THE TASK: Using the listing below, print the line containing "Η χρονική στιγμή", the line containing "Bad, House Ladonja, Holiday", and each line between them, exactly and nothing else. Pictures stay out of the print.

DATASET:
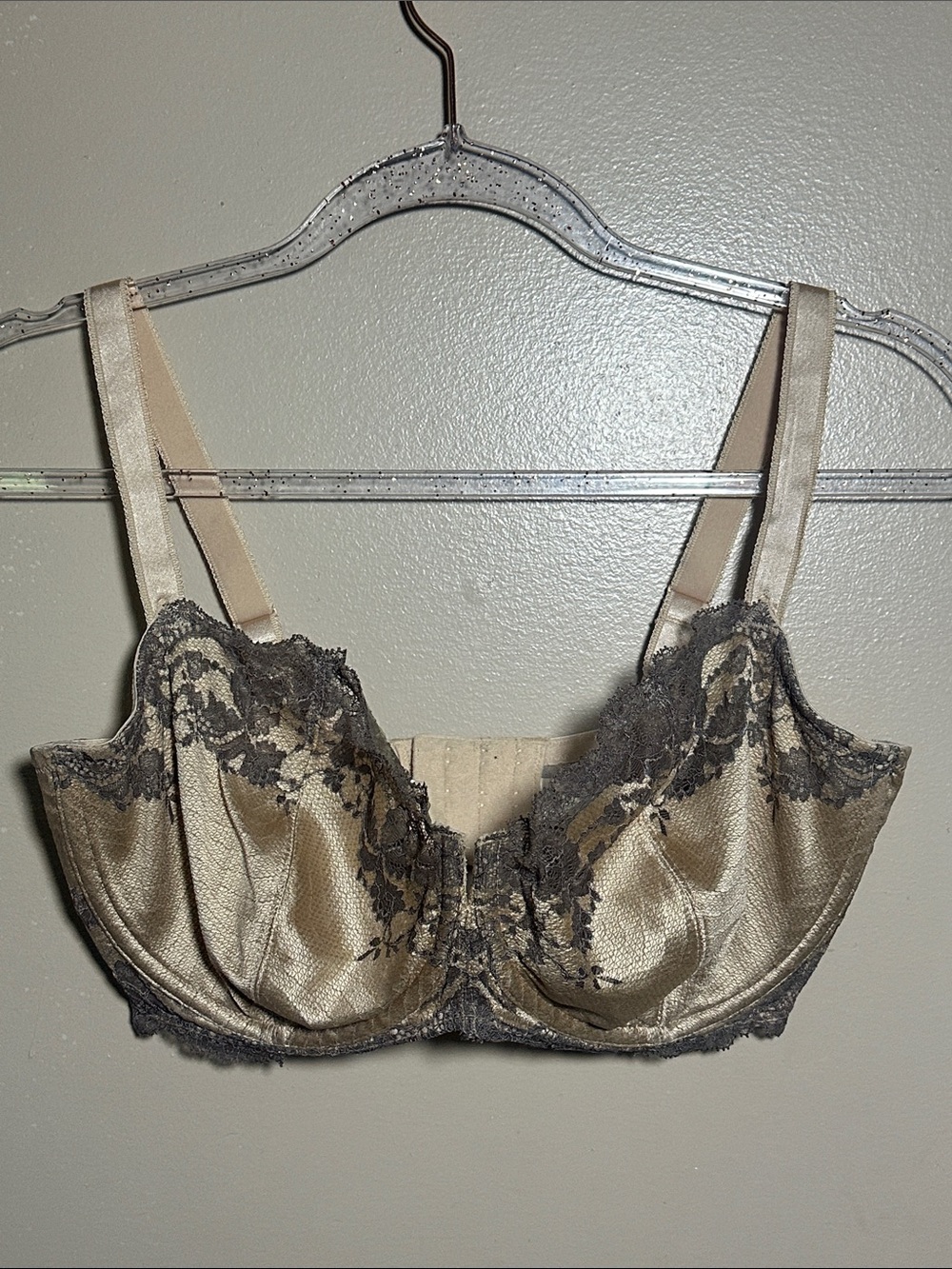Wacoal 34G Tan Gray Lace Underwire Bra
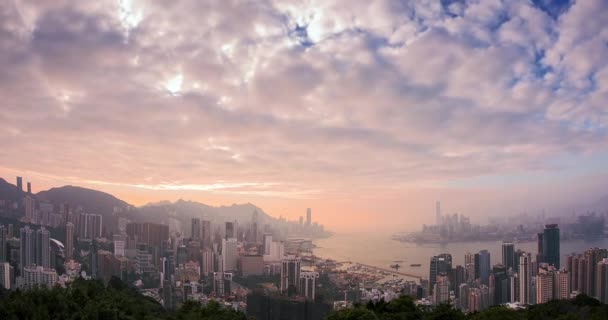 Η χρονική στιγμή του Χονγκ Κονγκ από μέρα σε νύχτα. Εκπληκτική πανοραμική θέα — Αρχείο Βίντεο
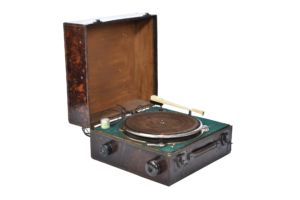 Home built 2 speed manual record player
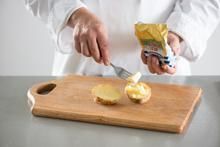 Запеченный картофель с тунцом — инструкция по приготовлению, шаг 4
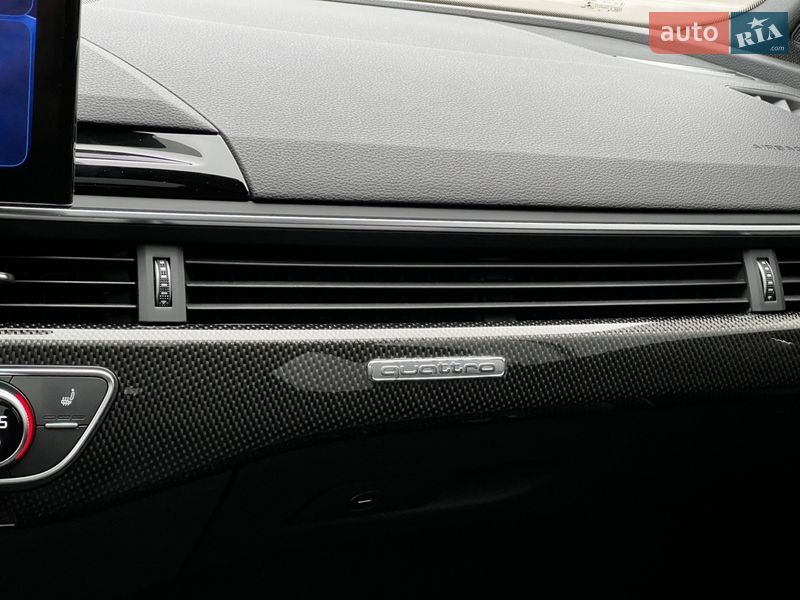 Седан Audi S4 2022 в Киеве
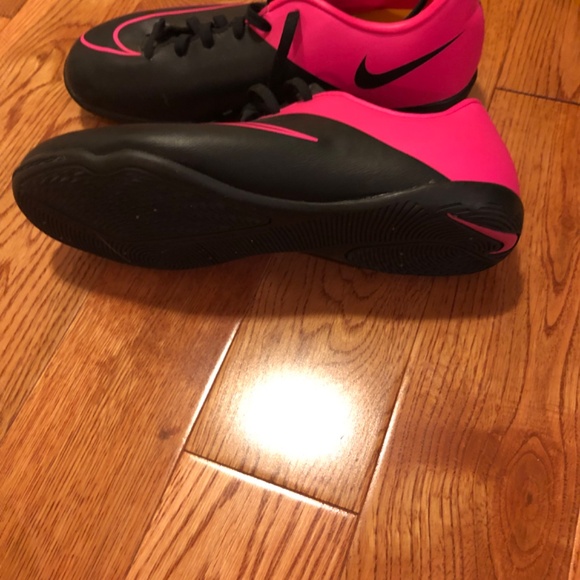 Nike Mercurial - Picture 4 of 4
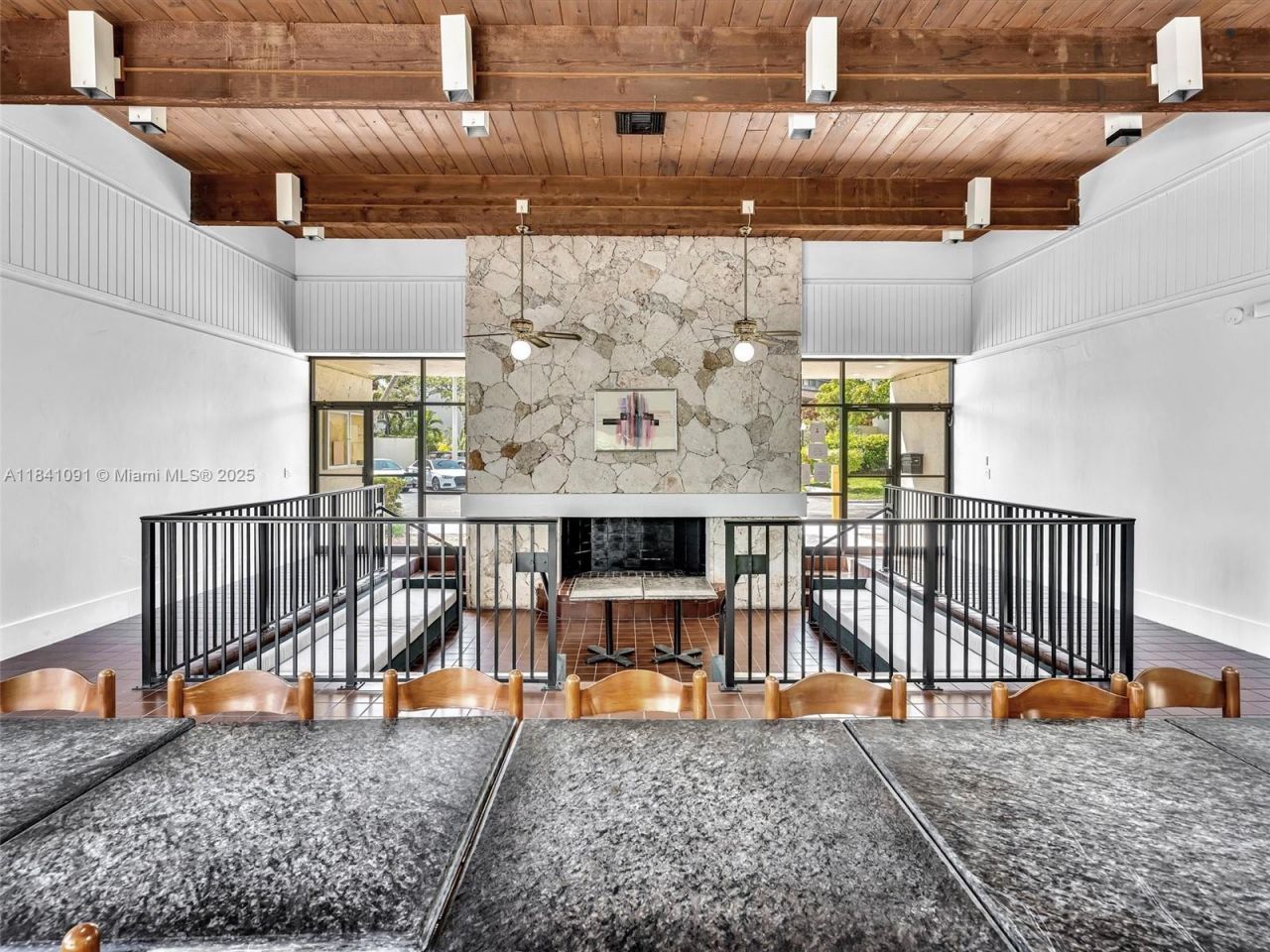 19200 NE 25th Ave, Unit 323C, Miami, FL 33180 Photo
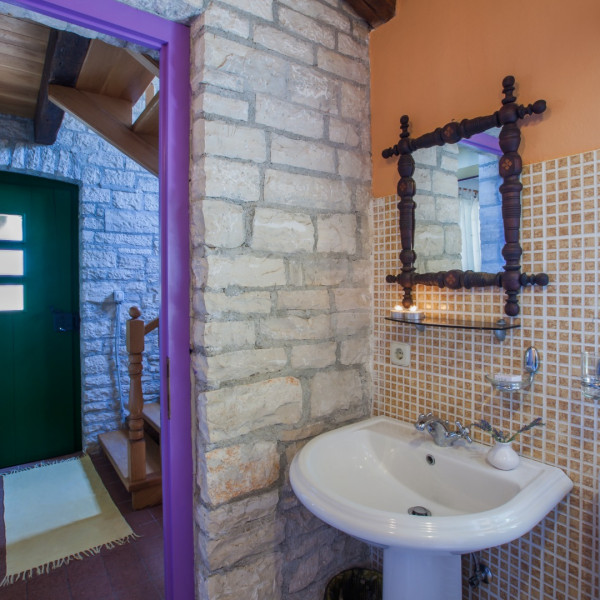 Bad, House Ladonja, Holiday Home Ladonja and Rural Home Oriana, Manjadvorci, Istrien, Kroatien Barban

==

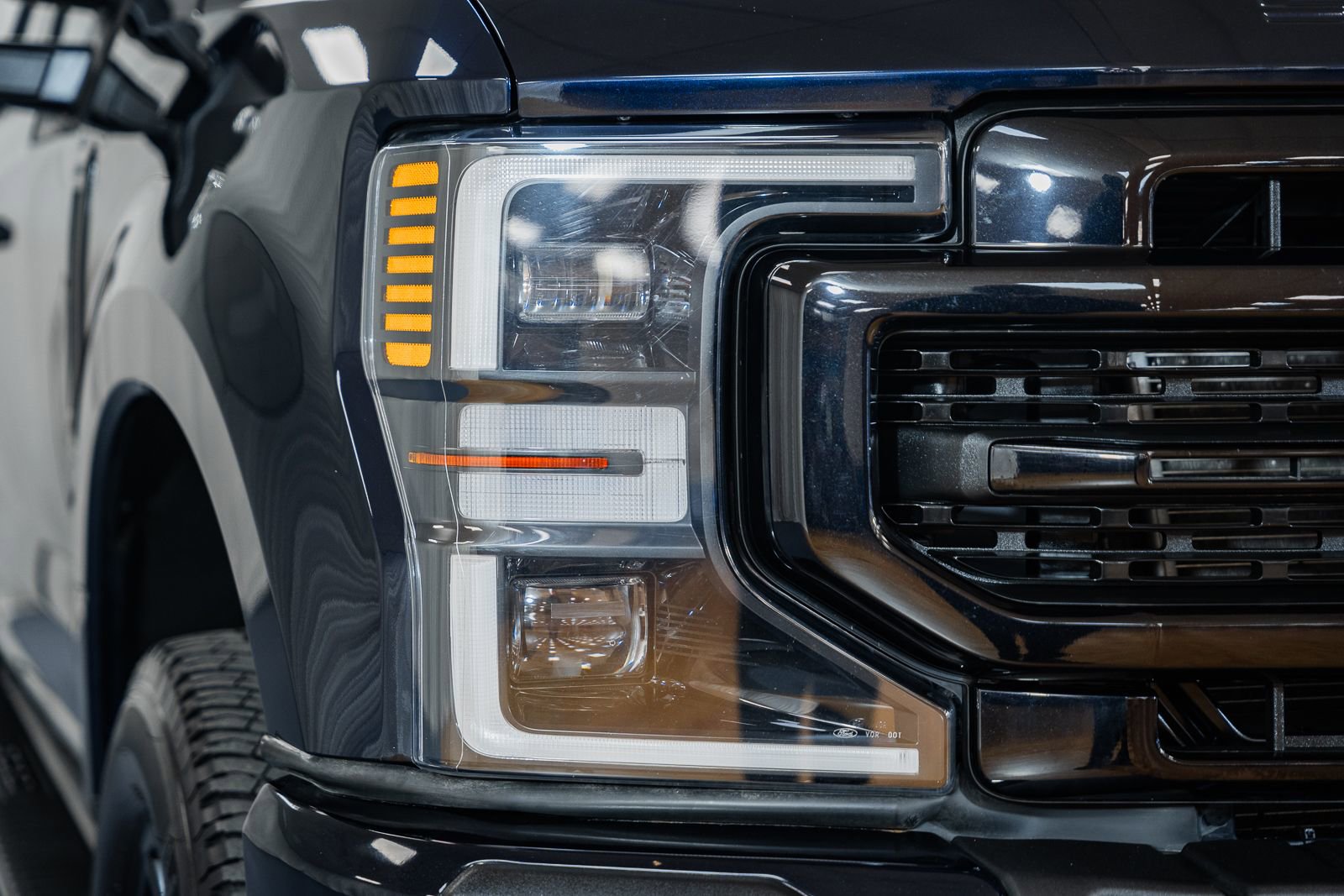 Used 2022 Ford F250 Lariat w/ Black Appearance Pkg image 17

...

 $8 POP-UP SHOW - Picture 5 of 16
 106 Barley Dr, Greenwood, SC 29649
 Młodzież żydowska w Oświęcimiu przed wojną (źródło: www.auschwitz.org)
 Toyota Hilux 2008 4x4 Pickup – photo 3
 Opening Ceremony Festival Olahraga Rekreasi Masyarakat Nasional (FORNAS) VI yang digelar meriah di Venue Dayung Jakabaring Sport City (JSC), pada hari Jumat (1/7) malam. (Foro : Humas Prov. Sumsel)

EXPECTED OUTPUT:
 Η χρονική στιγμή του Χονγκ Κονγκ από μέρα σε νύχτα. Εκπληκτική πανοραμική θέα — Αρχείο Βίντεο
 Home built 2 speed manual record player
 Запеченный картофель с тунцом — инструкция по приготовлению, шаг 4
 Седан Audi S4 2022 в Киеве
 Nike Mercurial - Picture 4 of 4
 19200 NE 25th Ave, Unit 323C, Miami, FL 33180 Photo
 Bad, House Ladonja, Holiday Home Ladonja and Rural Home Oriana, Manjadvorci, Istrien, Kroatien Barban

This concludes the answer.